Every year, the Super Bowl moves farther away from "football game" and closer toward "trip through airport security." This year's model features some of the most restrictive regulations on transportation in the game's history. To wit:

• You cannot take a cab to the game.

• You cannot take a limo to the game.

• You cannot, we presume, ride a horse to the game.

• You cannot walk to the game.

• No tailgating, unless you're inside your own car.

• You can risk driving your own car for said tailgate, at a cost of $150 per pass, but if you don't leave now, you're going to get caught in traffic.

Here's what you can do:

• Pack onto New Jersey Transit shuttle buses from Secaucus, N.J., which is every bit as inviting as it sounds.

• Shell out $51 per person for the NFL-approved shuttle system.

Yep, that's right. As part of what the NFL is calling the "first mass-transit Super Bowl," you get the distinct honor of being one of the first people to pay $51 (why $51? why not $50? or $48?) to leave from one of nine designated pickup locations throughout the greater New York-New Jersey area to get to the Meadowlands.
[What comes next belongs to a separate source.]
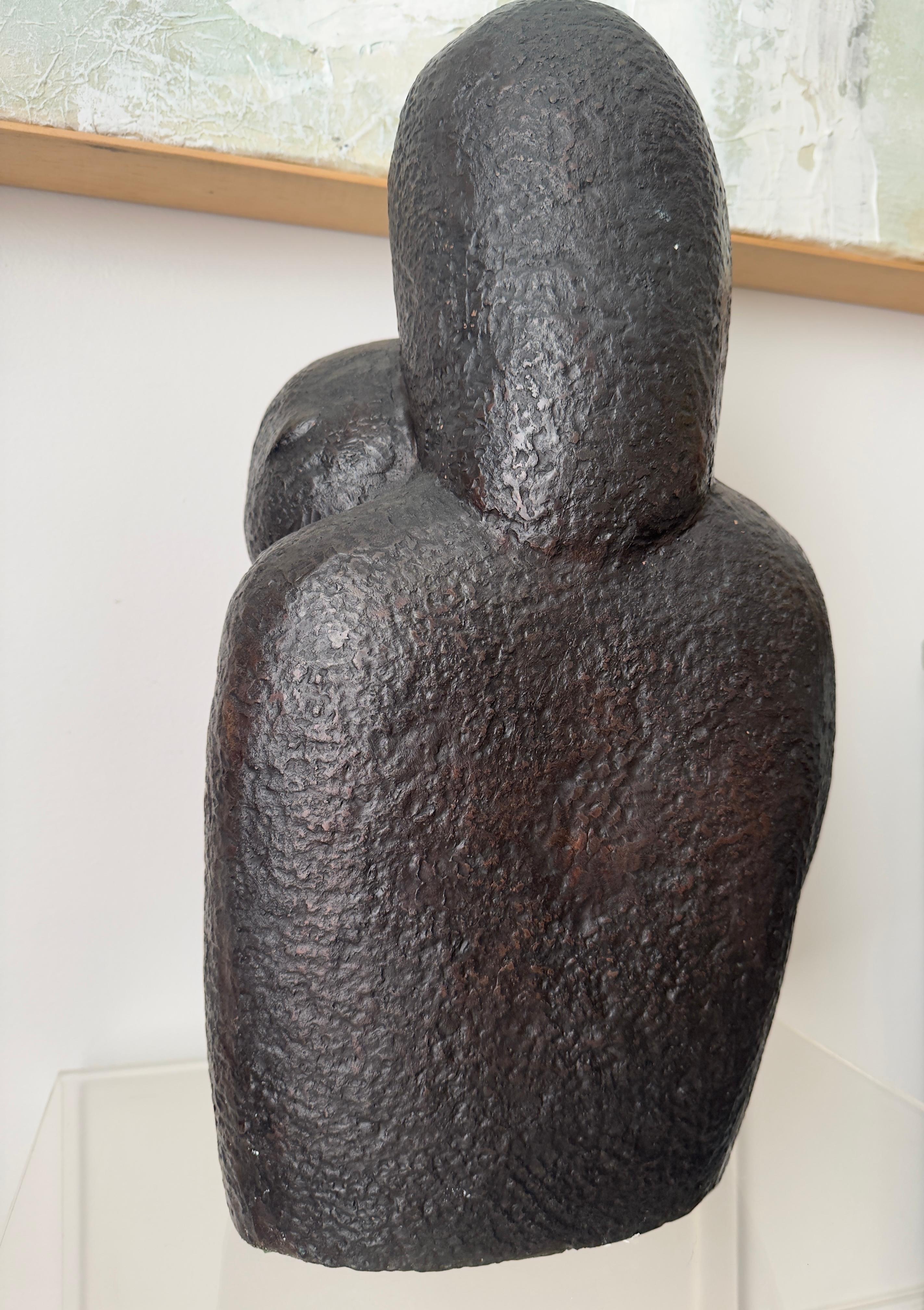 Biomorphe Skulptur Frau mit Kind, signiert PJ, Auflage 8/12 im Angebot 4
Lucky you!

Why the no-taxis, no-walking, our-way-or-sit-and-wait-on-the-highway approach? As Sports Illustrated notes, the NFL initially cited "logistical concerns," which would make a lot of sense if, in fact, MetLife Stadium didn't have experience hosting football games 20 or so weeks a year. The NFL then fell back on the unassailable "security concerns," but as Sports Illustrated's Sean Conboy sees it, there's something more mundane at work here: a straight cash grab.

"The NFL thinks of you not as a human being whose loyalty and wallet contribute to its preposterous franchise valuations," he writes, "but rather as a number on an Excel spreadsheet, and the league is determined to wring as much guaranteed profit out of Super Bowl XLVIII as possible."

Sitting at home and watching the game on a big screen looks better all the time.